#737 サドルストーンから石臼へ④・・・アワーグラスミルの登場

その後、ようやく回転運動を利用した粉砕器が徐々に考案されますが、その粉砕効率の低さ故、根本的な発展に繋がるものは中々登場しません。そのような失敗事例が、デロス島で見つかったデリアンミルです(2番めの画像)。デリアンミルにはホッパーはなく、また上臼を支える機構もないので、直接下臼の上に載っかっています。しかしギリシア人は、失敗にくじけず、その後も回転運動における重要な応用を発明し、それがその後の製粉の発展に永続的に寄与します。

回転式の粉砕器を実用化するにあたり最大の難問は、二つの粉砕面を如何に平行に維持できるかという点に尽きます。そしてこれに対するギリシア人の解答が次です(3番めの画像)。これは二つの円錐状の石を重ねることで接触面の平行を保ち、しかもこれは回転しても二つの石の中心がずれない仕組み(セルフセンタリング)になっています。更に上石については中央のくびれより上の部分を、下半分と同じ大きさにすることによりホッパーとしての機能が確保され連続運転が可能になりました。

その結果、全体としてアワーグラス、つまり砂時計のような格好になりました。この上石は横木を押すかもしくは引くかによって回転でき、これにより人力のみならず畜力の利用も可能になりました。また上石はリンズ(軸受け機構)により下石の上で支えられているので、二つの石の間には粉砕の空間が確保されます。ホッパーの大きさは充分かつ、補給も簡単にできたので、運転を止める必要はなく、また挽いた小麦は下石の横の桶に取り分けられます。こうしてこれらの技術革新は、その後の製粉技術発展の基礎となりました。

上石を据え付ける方法は、図のように2種類あります。構造としては左が優れ、これが後のカーンやミルストーンに応用され、金属製の軸受け機構はリンズとして知られるようになります。アワーグラスミルは、デロス島、ポンペイなどを含むギリシアの各地域、そしてローマ西部地域のあらゆるところで発見されています。

もちろんアワーグラスミルも、完全ではなく、欠点がありました。それは二つの粉砕面のスペースの調整が雑で不正確であったこと、それにホッパーからの定量供給がスムーズでなかったことです。しかしそれでもその魅力は欠点を補って余りあるので、キリスト紀元前後の何世紀にも亘り、ギリシアやローマ世界で支持され続けました。他の地域では搗き臼が、粗粉砕用に使用されていましたが、ギリシア・ローマではアワーグラスミルが粗粉砕用として、しばしばレバーミルの隣に設置されていました。

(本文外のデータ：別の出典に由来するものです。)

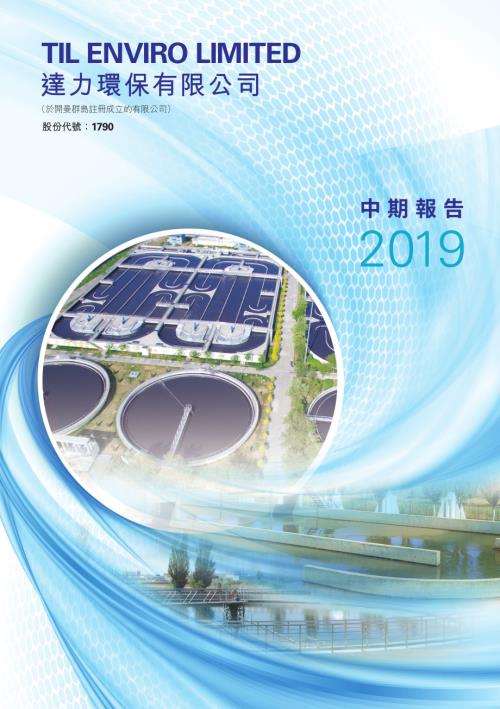 達力環保：2019中期報告.pdf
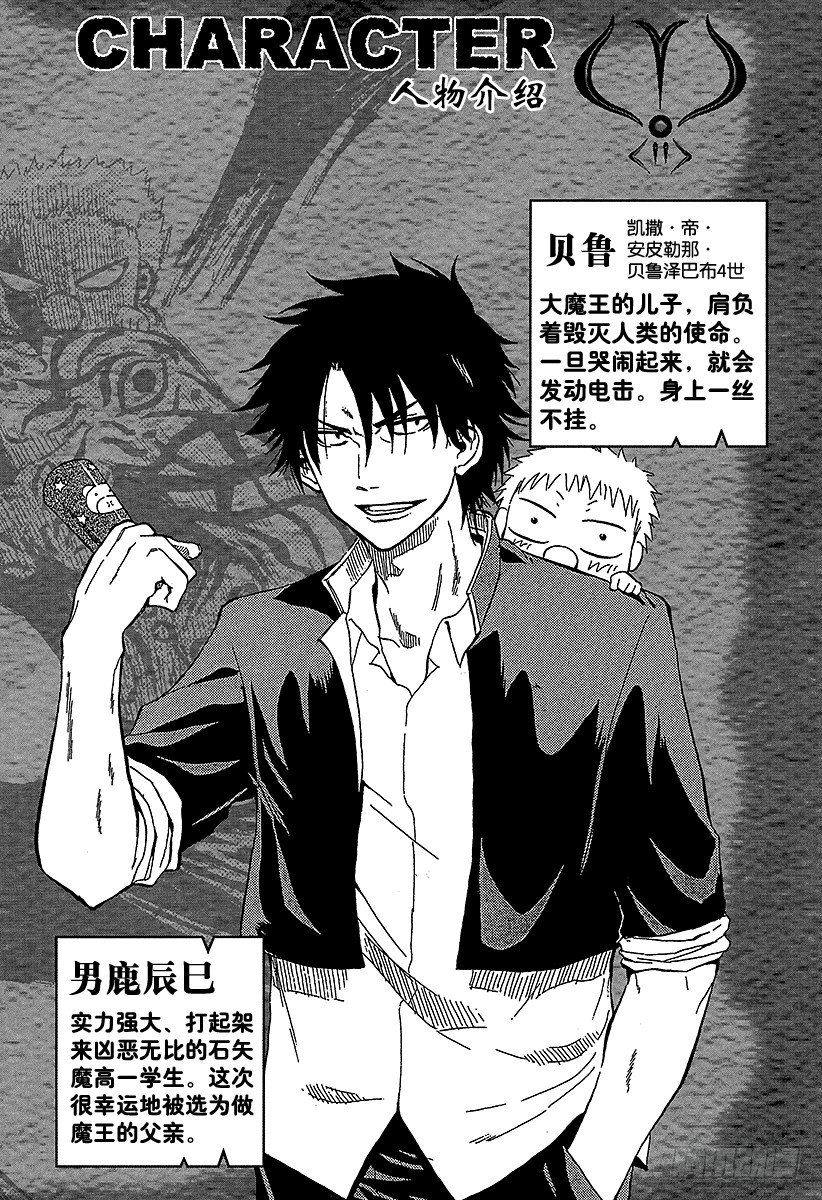 恶魔奶爸（魔王奶爸）韩漫全集-第80话 来了无删减无遮挡章节图片 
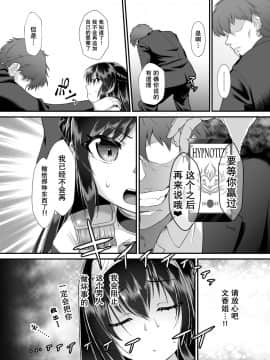 [靴下汉化组] [CHARAN PORAN (猫乃またたび)] ありす&文香 催眠Girls劇場 (アイドルマスター シンデレラガールズ) [DL版]_09
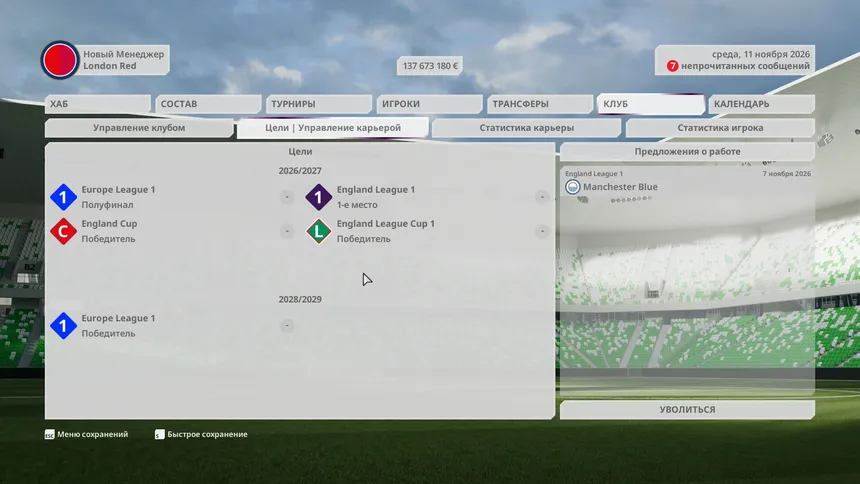 Скриншот 7 к игре Football Career Mode 28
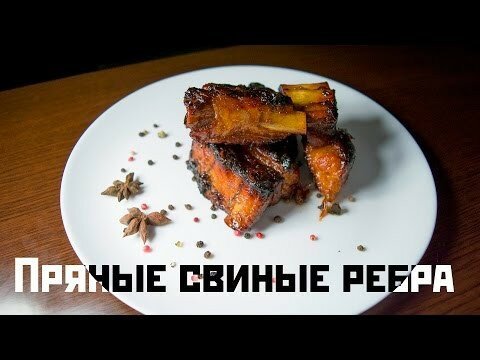 Специально к грядущей пятнице! Пряные свиные ребрышки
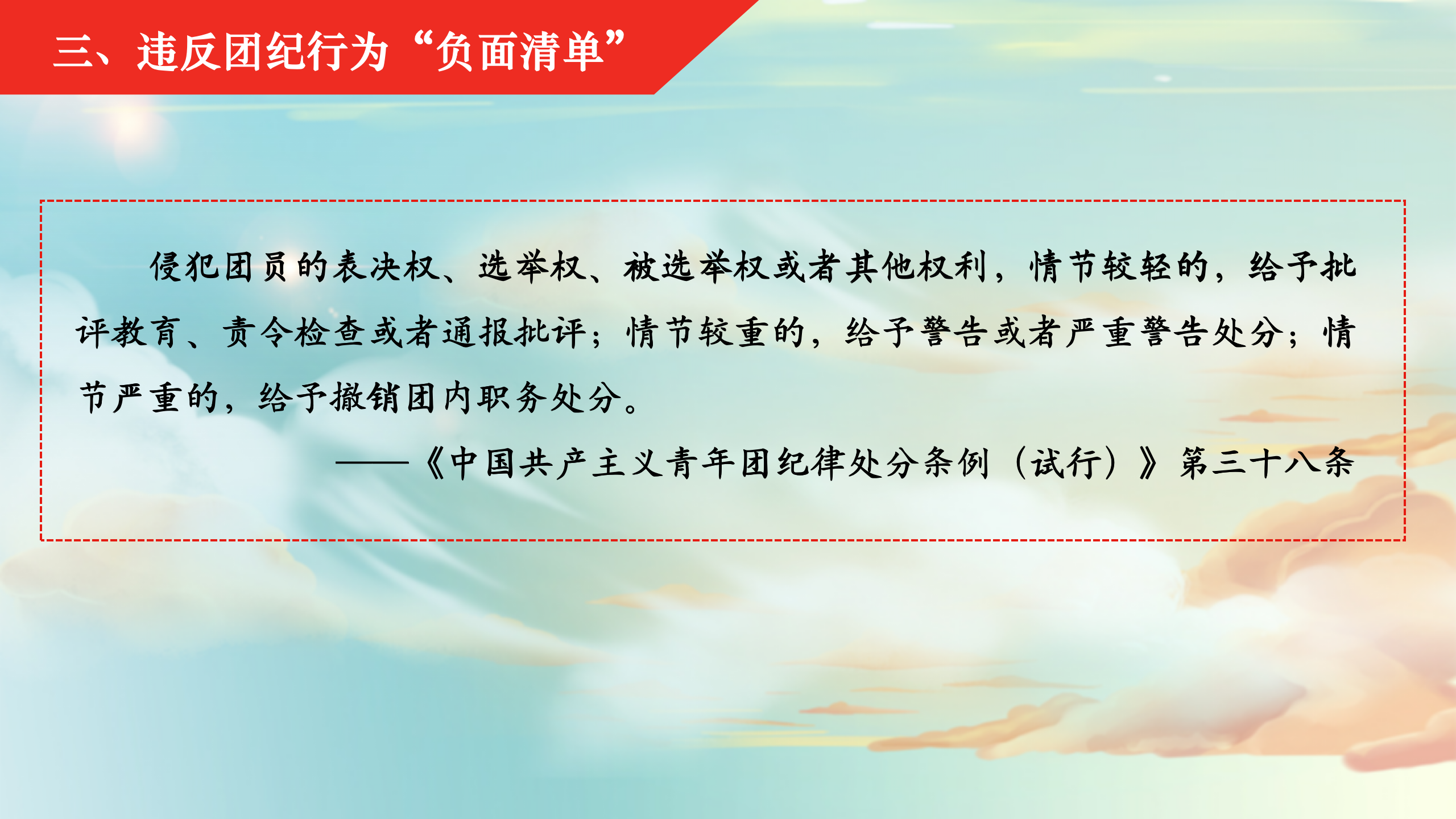 bv伟德国际体育官方网站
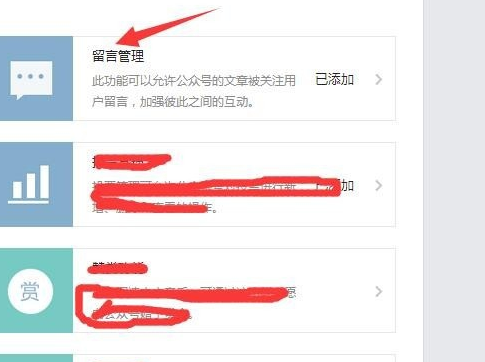 微信公眾號留言功能怎么開通 微信公眾號留言功能在哪里設置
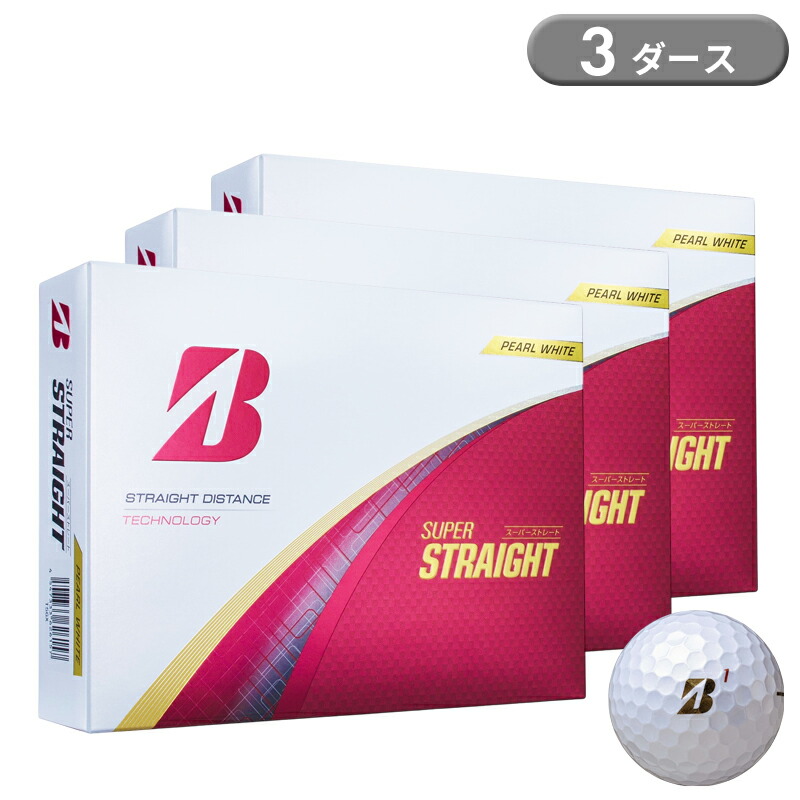 楽天市場】【即納】 ブリヂストンゴルフ スーパーストレート ゴルフ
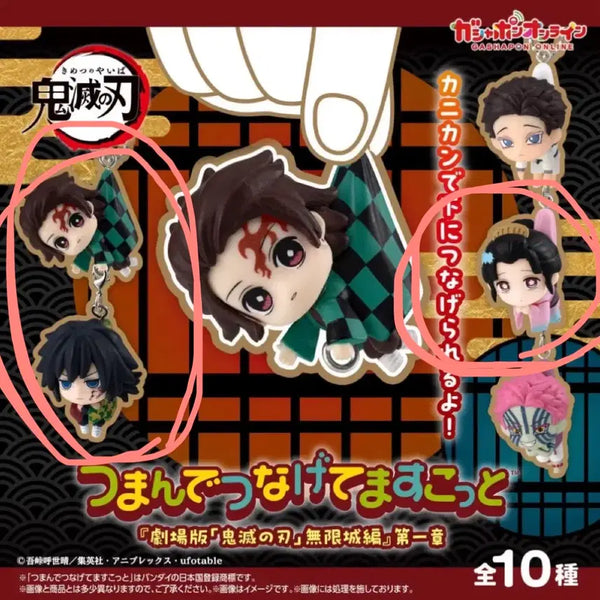 [BUNJANG] Demon Slayer: Mugen Train Arc Hanging Gacha (Sealed) / 귀멸의칼날 무한성 대롱 가챠 기유,탄지로,코유키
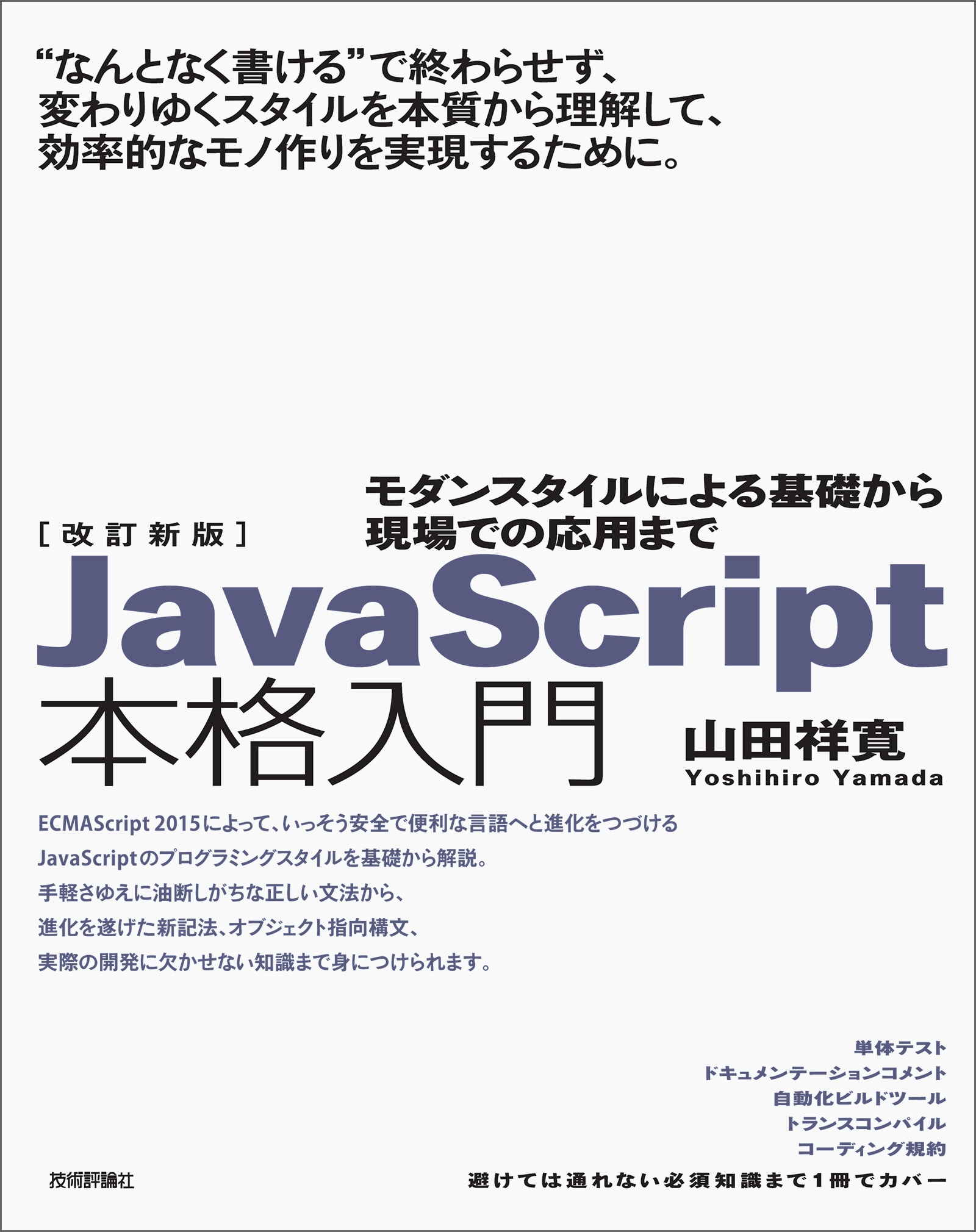 改訂新版javascript本格入門 モダンスタイルによる基礎から現場での応用まで 山田祥寛 漫画 無料試し読みなら 電子書籍ストア ブックライブ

ローマ人達の間では、回転式臼はモーラ・ヴァーサティリス(mola versatilis)、そしてレバーミルはモーラ・トラサティリス(mola trusatilis)と呼び区別されました。またアワーグラスミルの上石はカティラス(catillus)もしくはボウル(bowl)、下石はメタ(meta)と呼ばれていましたが、これは下石が競技場内の距離を示す円錐状のメタという目印に似ていたからです。一方ギリシアでは少なくとも紀元前5世紀以降、上石はロバを意味するオノス(onos)と呼ばれていましたが、この事実から回転運動が採用されると間もなく、畜力が利用されていたことがわかります。そしてこれが製粉において畜力が使用された最初の記録です。

臼を廻すには、主として奴隷が労力として使用されました。2世紀初頭に著されたアープレイユスの「黄金のろば」では、主人公が魔法の薬によってろばに変身し、パン屋に売られます。彼は製粉場における哀れで不幸な人々を次のように描写しています、「ああ、そこにはなんと多くのぼろぼろになった人々がいることだろう!薄汚いマントを身にまとった彼らの肩や背中は、殴られたり鞭打たれたりして傷跡だらけだ。頭は半分が剃られ、額には烙印が押され、そして足には重い鎖の足かせをはめられ、逃げられないようになっている。身体には粗挽き粉や灰の固まりがこびりつき、それは競技場で泥まみれになっている闘技者たちと同じだ」。こういった事実からもギリシア、ローマ時代の作家達の粉屋に対するイメージが如何に劣悪であるかがわかります。